Is King Asoka A Bodhisattva

Reading Chapter 10 Theory & Practice of the Bodhisattva Ideal, Section 7 2nd Para Page 37 of 119 telling that Bodhisattva in the 2nd Ground can be reborn as king in our world system.

Now referring to History of Indian Buddhism Module Unit 11 & 12 The Arising of Mahayana (Chapter 7 The Buddhism of King Asoka), we could see that King Asoka exhibited bodhicitta during the later part of his rein.

Here we see quite similarity between the two. The Gautama went on a schedule trip to see the suffering while Asoka went to war to see the suffering.

King Asoka fulfilled the above equations, so can we said that King Asoka was a Bodhisattva?

Antonio Perasso's picture

Is King Ashoka a Bodhisattva

In my opinion is very difficul to say if king Ashoka was or was not a Bodhisattva . As professor Della Santina says in his writings , Bodhsiattvas have hidden agendas , they can assume any form , it depends on their specific purpose .
So , defining a Bodhisattva from his/her status is not appropriate , it depends more on his/her deeds than social level .
In the case of king Ashosa , at the beginning of his reign he was a pitiless ruler . He caused so much pain and sorrow among his enemies ; but he also did positive things , like spreading Buddhism across Panasia , so thanks to him if the proliferation on the Buddha Teachings was so successful at that time .

King Ashoka

As said Della Santina in his writings about Bodhisattva ideal:
"Now you may ask how we distinguish ordinary Bodhisattvas from Ārya Bodhisattvas.
When does one really become a Bodhisattva? Does one become a Bodhisattva as it is
said in the Bodhicaryāvatāra, and as I told you before that when one merely
formulate to resolve to attain Buddhahood for the benefit of all living beings or it has
to be something more to becomes a Bodhisattva simply than that initial resolve?
Someone or anyone who can see this
intention, formulate his resolve to attain Buddhahood for the benefit of all living
beings, is a Bodhisattva. He is a beginner Bodhisattva; he is an ordinary Bodhisattva.
At that level of the beginner
Bodhisattva, even a vague and indistinct understanding of emptiness is good enough."

What kind of Bodhisattva was Ashoka, an ordinary Bodhisattva or an Arya bodhisattva? It is very difficult to response because there are not accounts enough about this topic.

kings as incarnations

Equating kings with (sort of) gods was quite common occurrence.

In China, Empress Wu Zetian (624-705 CE) lavished praise and favors upon the Buddhist community.
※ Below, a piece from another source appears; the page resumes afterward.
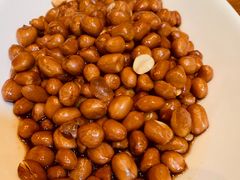 -姑奶奶老厨房(南坪路总店)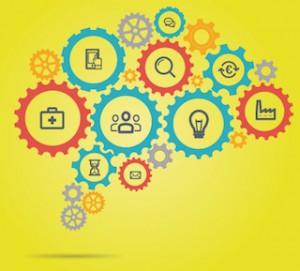 Congrès 2017 : nouvelles dates !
Monk Bodhiruci had re-translated a work (Baoyujing, Precious Rain Sutra) as he added that the Empress was the incarnation of the Sun and Moon Light god who had taken flesh to rule China: (wo)men of destiny manufactured on demand as the gods give (expedient) statements of destiny.

The first Emperor of China (III century BCE) -another founder on a warring journey- bestowed upon himself the title of divine ancestor. In pre-Confucian China (divided in various States), rulers were typically seen as wielding power or authority various deities -in perfect Mesopotamian fashion- had entrusted upon them in a sort of cosmic filial relationship (=the Chinese Emperor as Son of Heaven; the Japanese Emperor as descendent of Sun goddess Amaterasu; the King of Nepal as incarnation of Vishnu; Hellenistic monarchs as “god made manifest”; Roman Emperors seen as incarnations of gods, typically Apollo ).
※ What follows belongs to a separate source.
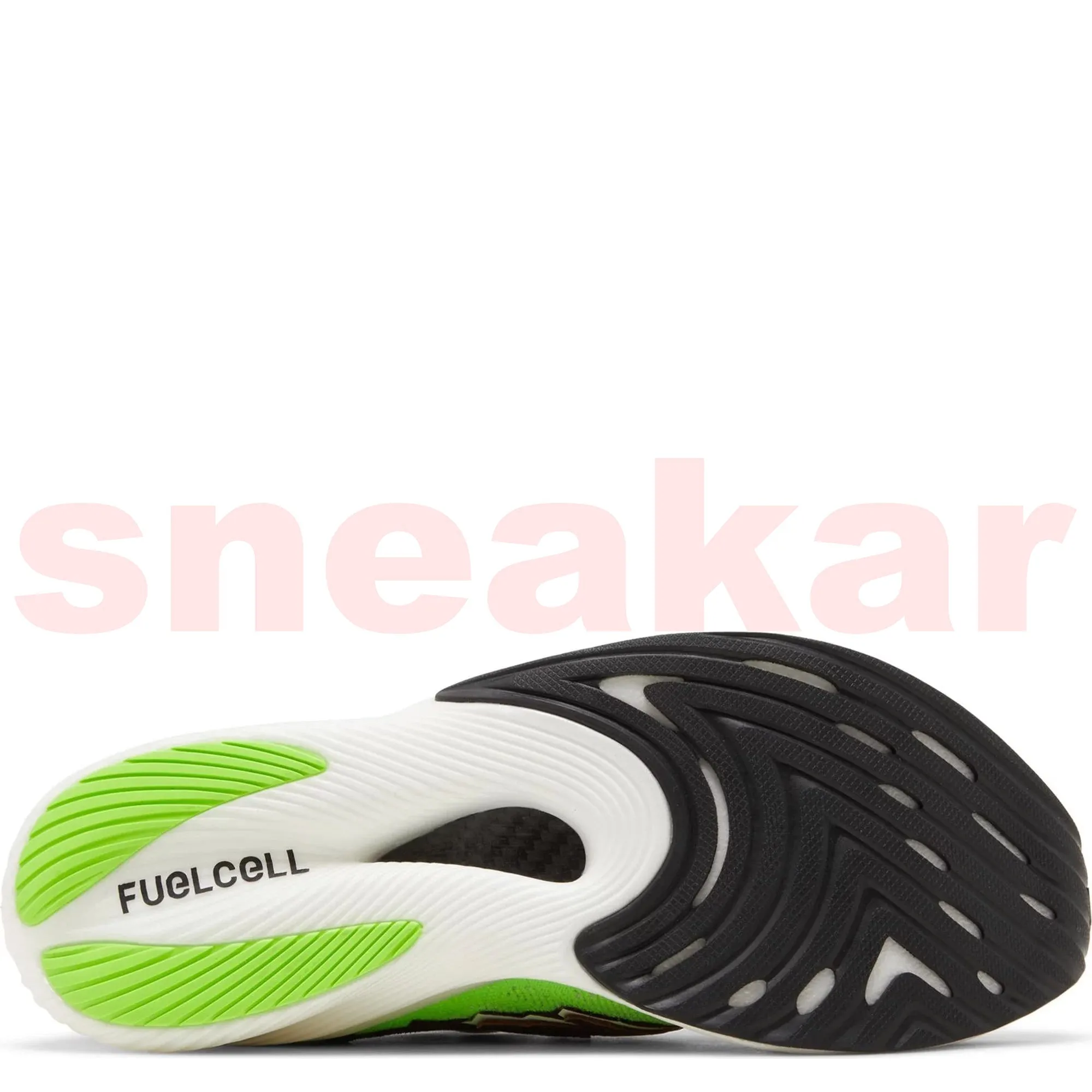 Men's New Balance X Stone Island Fuelcell Rc Elite V2 sold by Zulily product image thumbnail 3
Gregory Hamilton Schmidt's picture


In reading Tsong-kha-pa's Great Treatise, paraphrased in the handouts for the course on Lamrim, we are presented with the fact that (at least for an ordinary worldling, a non-Arya), we are incapable of knowing who is or is not a bodhisattva and thus should assume that all are at least possibly bodhisattvas.

Lesson 3: "And if you remember that we, as ordinary beings, cannot recognize a bodhisattva among other people, we must beware of harming anybody as who knows, if he is a bodhisattva, the result
of our wrong action towards him or her will be devastating for us."

As a result, the negative actions of body, speech and mind we could perform toward any individual carry the added risk of being done (unknowingly) to one who is such an unknown bodhisattva.

Lesson 3: "For example, Śraddhā-balādhānāvatāra-mudrā-sūtra states that if someone were to despise any bodhisattva, it would be a sin immeasurably greater than that of someone stealing all the belongings of all the living beings in Jambudvīpa."

Furthermore, if we accept as true that bodhisattvas have the power to take rebirths as they see fit for the benefit of beings, in favorable or unfavorable conditions, it would follow that we should look as carefully at the least among as we do the greatest (Ashoka included).